Kissing bugs can carry parasites that cause Chagas disease, and now they are already in the United States. A kissing bug is an insect with a charming nickname and deadly habits. A kissing bug is a nocturnal bloodsucker that carries people an inflammatory infectious disease.

They are also known as triatomine bugs, with their kisses they can spread the parasite Trypanosoma cruzi, which causes Chagas disease. Once found only in Latin America, this creepy "crawler robot" paved its way north to the United States, where it can now be found in dozens of states. According to doctors, approximately 8 million people living in Mexico, Central America and South America suffer from Chagas disease, most of which do not know that they are infected. If left untreated, the infection can remain in the human body for life and can be life threatening.

The first (acute) phase of the disease can last from several weeks to several months and often does not have symptoms, but can also be accompanied by fever, fatigue, pain in the body, headache, rash, loss of appetite, diarrhea and vomiting. In the chronic phase, which can last for decades, approximately 20-30 percent of infected people develop heart complications and / or gastrointestinal complications.

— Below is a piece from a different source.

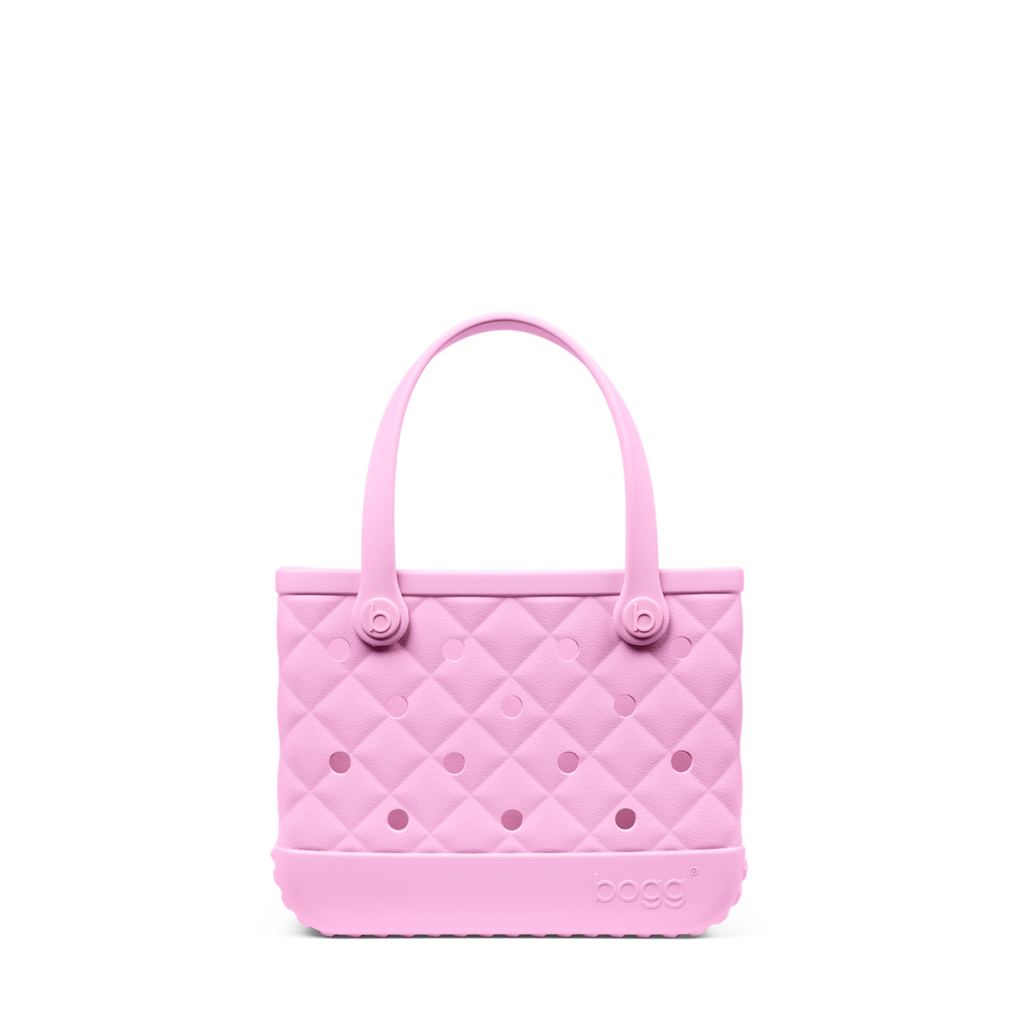 Bitty Bogg Bag - Quilted Pink Taffy - A Carry for Every Day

And although all this causes concern, the US Centers for Disease Control and Prevention (CDC) notes that the transmission of the T. cruzi parasite from a bug to a person is quite difficult.

It is important to note that not all triatominous bugs are infected with a parasite that causes Chagas disease. The likelihood of infection with the T Cruzi virus from triatomine in the United States is quite low.

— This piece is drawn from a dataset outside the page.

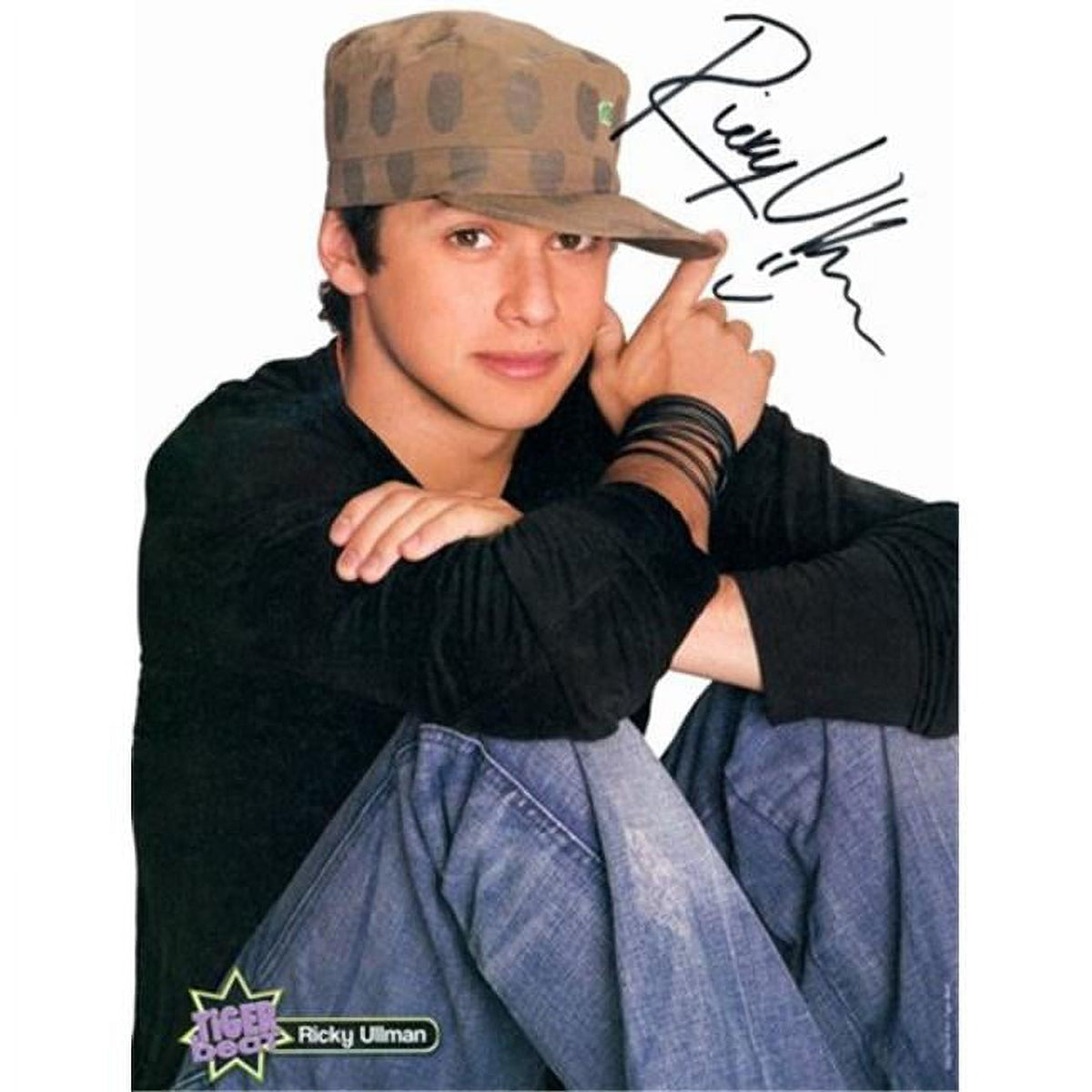 Ricky Ullman movie poster 11x17 print showcasing vibrant colors.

However, children, as well as people with weakened immune systems and pets, are especially vulnerable. Therefore, to be bitten by you, take precautions from the CDC.

The above-mentioned bug-kisser has a tendency to bite his face, while he does not directly deliver the T. cruzi virus to his victim. The pathogen lives in the feces of the bug, and in order to infect a person, the bug must bite into the area of ​​the damaged area of ​​the skin or through the mucous membrane.

Where do they live?

Under the porch
Between rocky structures
Under concrete
In a rock, tree, bush or under the bark
In nests of rodents or burrows of animals
In kennels or kennels
In chicken coops or houses
Near the places where your pets sleep
In places where rodents are infected
In and around beds and bedrooms, especially under or near mattresses or nightstands

How to prevent infection

Make sure they cannot get into your home. As they bite at night, the bed is the most likely place where a person will be bitten.

Seal cracks and crevices around windows, walls, roofs and doors.

Remove trees and branches near your home.

Use nets on doors and windows and repair any holes or gaps.

If possible, make sure the lights are not near your home (the lights may attract insects).

Seal holes and cracks leading to the attic.

Have pets sleep indoors, especially at night.

Keep your home and any outdoor pet stays clean.